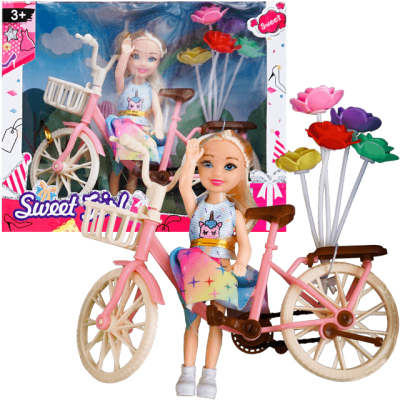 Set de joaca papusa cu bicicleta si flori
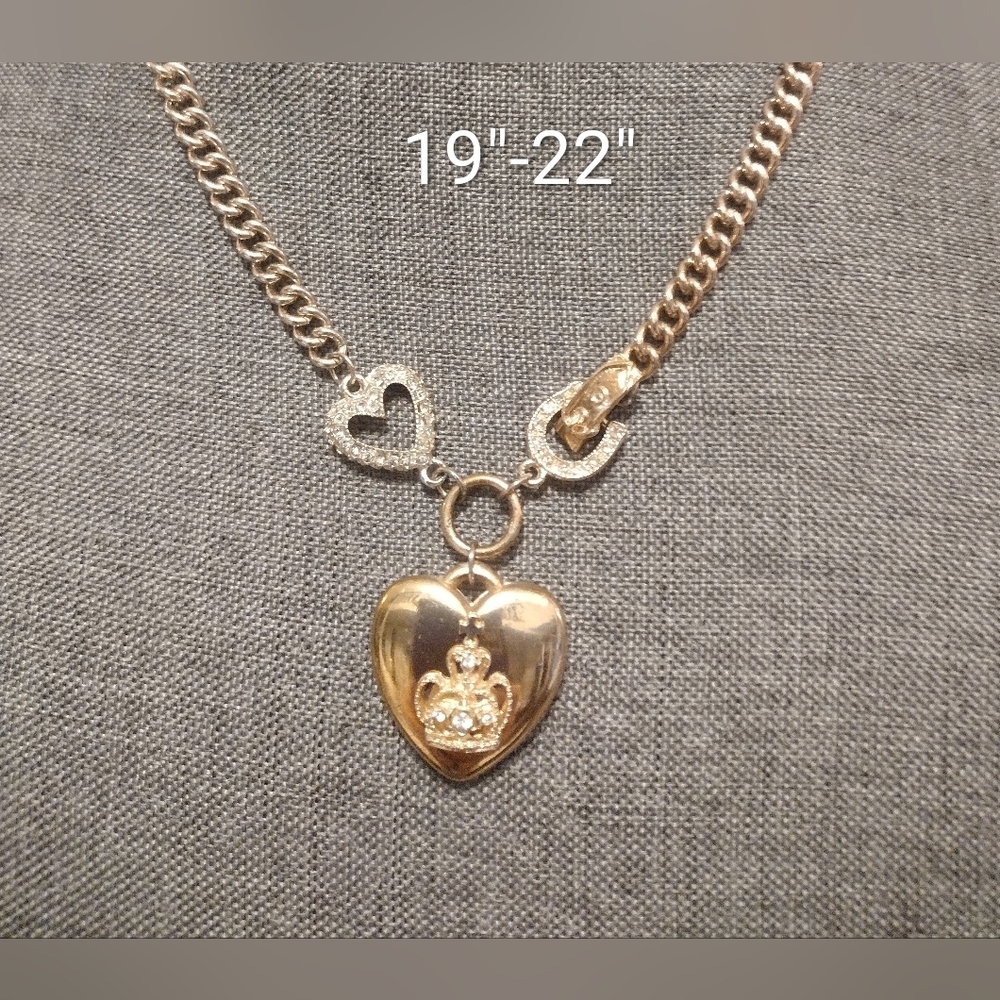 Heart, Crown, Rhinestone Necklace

——————————

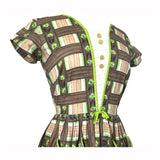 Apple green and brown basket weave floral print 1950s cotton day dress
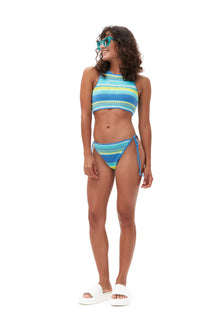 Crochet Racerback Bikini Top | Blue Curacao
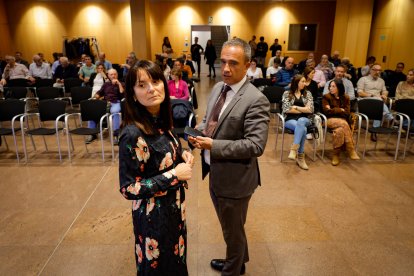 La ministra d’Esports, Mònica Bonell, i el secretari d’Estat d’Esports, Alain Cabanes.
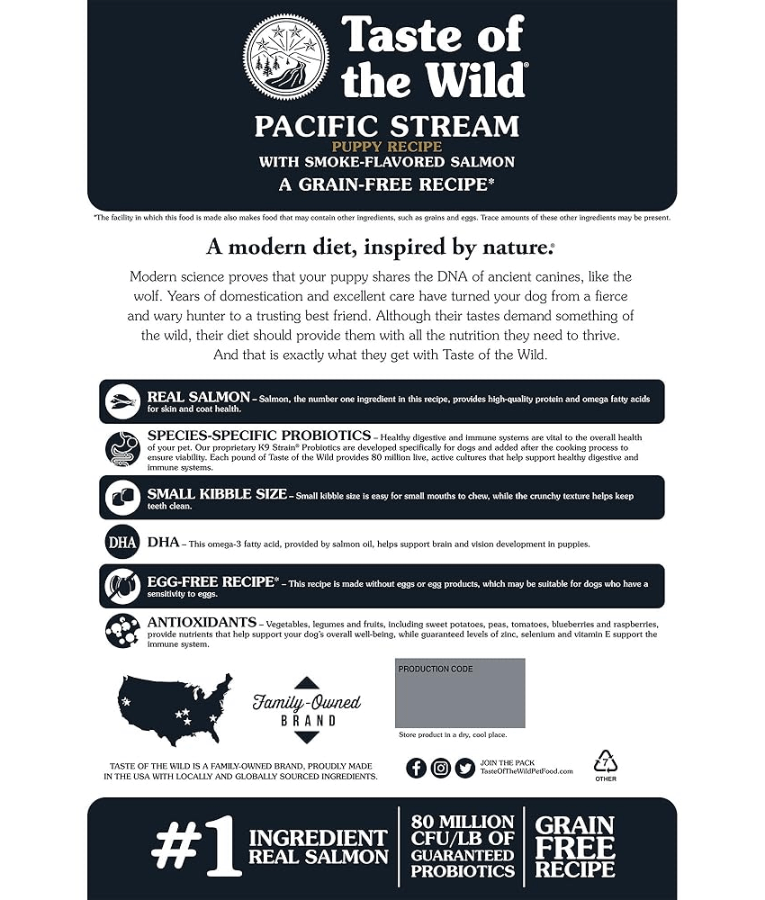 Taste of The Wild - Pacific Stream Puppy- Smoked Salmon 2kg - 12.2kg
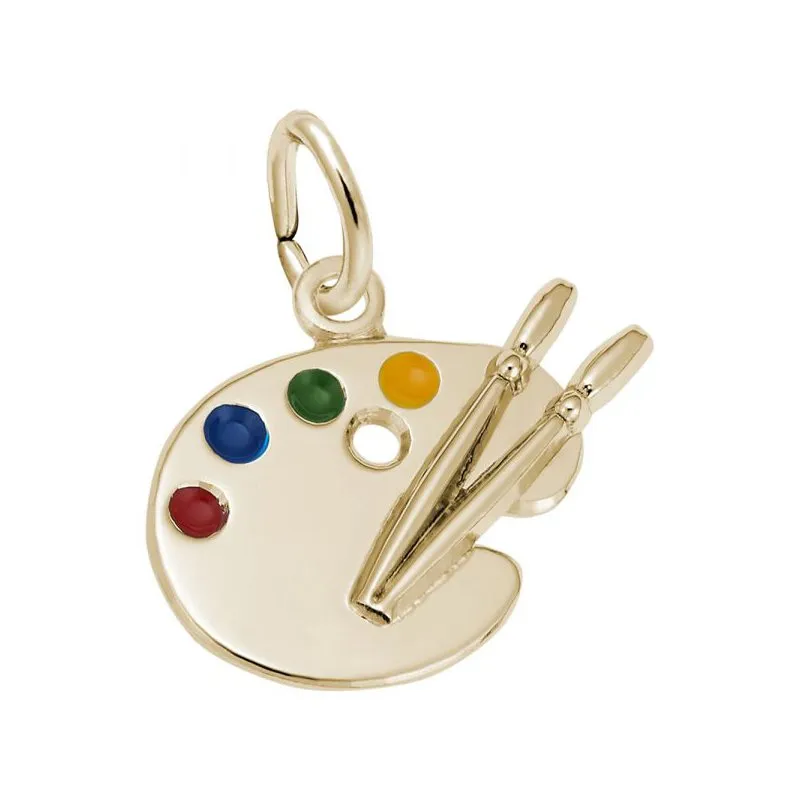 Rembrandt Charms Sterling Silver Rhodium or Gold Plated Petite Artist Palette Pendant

——————————

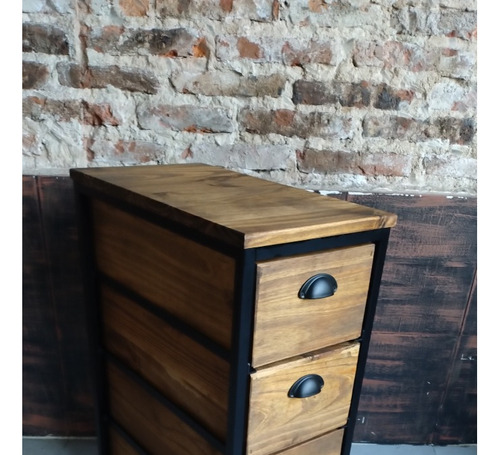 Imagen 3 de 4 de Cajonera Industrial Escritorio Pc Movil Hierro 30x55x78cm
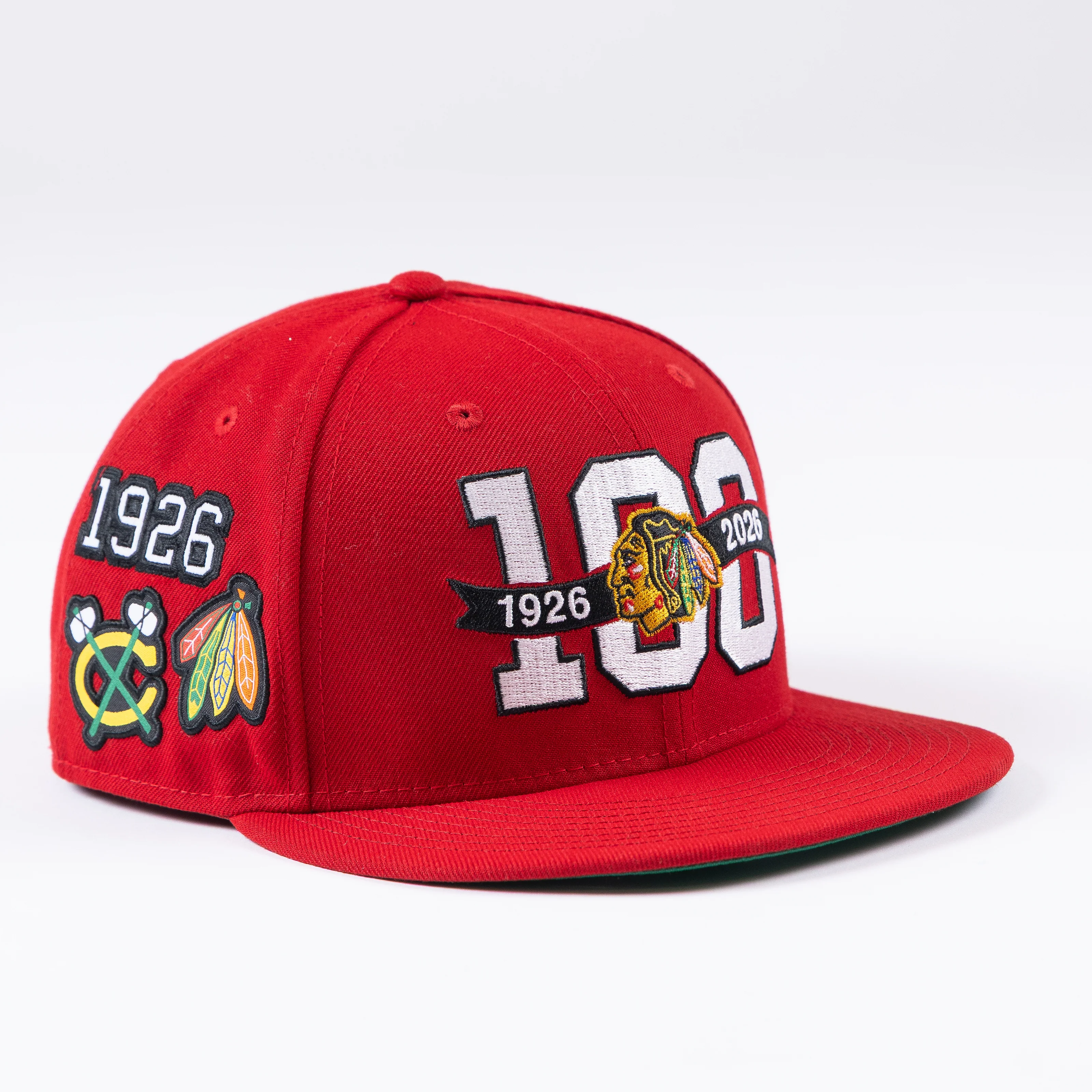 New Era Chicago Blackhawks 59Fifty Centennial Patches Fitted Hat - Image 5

——————————

▶ **Task to carry out**
Given the listing above, repeat exactly the lines starting at the one with "Imagen 3 de" and ending at the one with "New Era Chicago", inclusive, excluding pictures.

▶ **Result for this exercise**
 Imagen 3 de 4 de Cajonera Industrial Escritorio Pc Movil Hierro 30x55x78cm
 New Era Chicago Blackhawks 59Fifty Centennial Patches Fitted Hat - Image 5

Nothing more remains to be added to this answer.